▸ **Task description**
Every line containing the string "Luxury" is to be copied from the records.

-*-*-

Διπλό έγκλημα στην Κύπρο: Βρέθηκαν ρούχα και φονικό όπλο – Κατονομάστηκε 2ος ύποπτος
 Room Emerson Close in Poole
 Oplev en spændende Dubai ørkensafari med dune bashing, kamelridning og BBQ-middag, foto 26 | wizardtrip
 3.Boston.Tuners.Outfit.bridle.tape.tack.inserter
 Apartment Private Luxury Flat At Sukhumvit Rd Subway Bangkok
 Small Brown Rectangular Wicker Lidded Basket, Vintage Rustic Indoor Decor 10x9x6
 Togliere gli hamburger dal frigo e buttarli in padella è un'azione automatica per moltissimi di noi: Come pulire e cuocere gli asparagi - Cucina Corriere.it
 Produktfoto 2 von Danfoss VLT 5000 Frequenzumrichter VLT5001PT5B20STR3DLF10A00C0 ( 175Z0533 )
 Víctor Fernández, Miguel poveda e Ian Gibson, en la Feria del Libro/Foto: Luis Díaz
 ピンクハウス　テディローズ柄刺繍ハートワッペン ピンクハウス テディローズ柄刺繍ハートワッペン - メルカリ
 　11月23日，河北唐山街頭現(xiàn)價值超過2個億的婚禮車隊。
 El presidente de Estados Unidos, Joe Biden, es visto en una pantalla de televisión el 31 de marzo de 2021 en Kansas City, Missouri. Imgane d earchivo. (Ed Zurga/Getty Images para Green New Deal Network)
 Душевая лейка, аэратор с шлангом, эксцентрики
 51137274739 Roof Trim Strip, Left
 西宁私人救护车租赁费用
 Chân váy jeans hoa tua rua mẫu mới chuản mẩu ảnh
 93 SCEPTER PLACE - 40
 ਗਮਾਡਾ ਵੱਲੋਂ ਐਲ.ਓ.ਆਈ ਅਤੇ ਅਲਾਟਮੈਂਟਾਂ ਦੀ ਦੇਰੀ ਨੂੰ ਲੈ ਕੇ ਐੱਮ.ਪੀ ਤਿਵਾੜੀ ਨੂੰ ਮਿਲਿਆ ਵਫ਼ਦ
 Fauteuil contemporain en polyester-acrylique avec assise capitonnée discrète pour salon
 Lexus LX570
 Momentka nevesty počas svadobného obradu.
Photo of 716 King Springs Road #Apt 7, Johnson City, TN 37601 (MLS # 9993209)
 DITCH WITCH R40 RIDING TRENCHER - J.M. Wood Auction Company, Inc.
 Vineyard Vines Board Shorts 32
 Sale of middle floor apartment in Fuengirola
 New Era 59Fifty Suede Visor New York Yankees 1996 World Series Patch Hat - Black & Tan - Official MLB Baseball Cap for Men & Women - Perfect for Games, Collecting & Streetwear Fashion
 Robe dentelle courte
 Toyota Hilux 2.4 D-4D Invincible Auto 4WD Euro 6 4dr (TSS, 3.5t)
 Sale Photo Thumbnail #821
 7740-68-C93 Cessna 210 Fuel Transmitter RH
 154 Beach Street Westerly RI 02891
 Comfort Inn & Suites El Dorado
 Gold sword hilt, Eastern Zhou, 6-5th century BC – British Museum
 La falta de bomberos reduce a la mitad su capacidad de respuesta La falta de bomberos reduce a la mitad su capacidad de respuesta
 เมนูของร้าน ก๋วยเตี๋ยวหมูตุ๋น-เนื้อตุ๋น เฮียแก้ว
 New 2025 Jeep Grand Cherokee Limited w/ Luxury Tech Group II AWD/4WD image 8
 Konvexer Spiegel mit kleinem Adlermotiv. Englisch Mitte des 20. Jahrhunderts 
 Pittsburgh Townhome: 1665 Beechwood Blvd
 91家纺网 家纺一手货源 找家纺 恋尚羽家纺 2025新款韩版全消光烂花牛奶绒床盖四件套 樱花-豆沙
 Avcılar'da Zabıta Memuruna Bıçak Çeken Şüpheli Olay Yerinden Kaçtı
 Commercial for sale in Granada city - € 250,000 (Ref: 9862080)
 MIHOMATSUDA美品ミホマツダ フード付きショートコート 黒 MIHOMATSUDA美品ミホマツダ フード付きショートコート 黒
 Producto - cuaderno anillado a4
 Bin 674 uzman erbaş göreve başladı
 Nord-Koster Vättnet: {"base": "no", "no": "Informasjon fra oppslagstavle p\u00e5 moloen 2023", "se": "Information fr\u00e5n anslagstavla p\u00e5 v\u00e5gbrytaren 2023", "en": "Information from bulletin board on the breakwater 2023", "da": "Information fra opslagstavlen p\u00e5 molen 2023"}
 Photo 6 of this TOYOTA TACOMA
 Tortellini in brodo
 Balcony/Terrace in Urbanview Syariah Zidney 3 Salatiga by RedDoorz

-*-*-

▸ **Expected answer**
 Apartment Private Luxury Flat At Sukhumvit Rd Subway Bangkok
 New 2025 Jeep Grand Cherokee Limited w/ Luxury Tech Group II AWD/4WD image 8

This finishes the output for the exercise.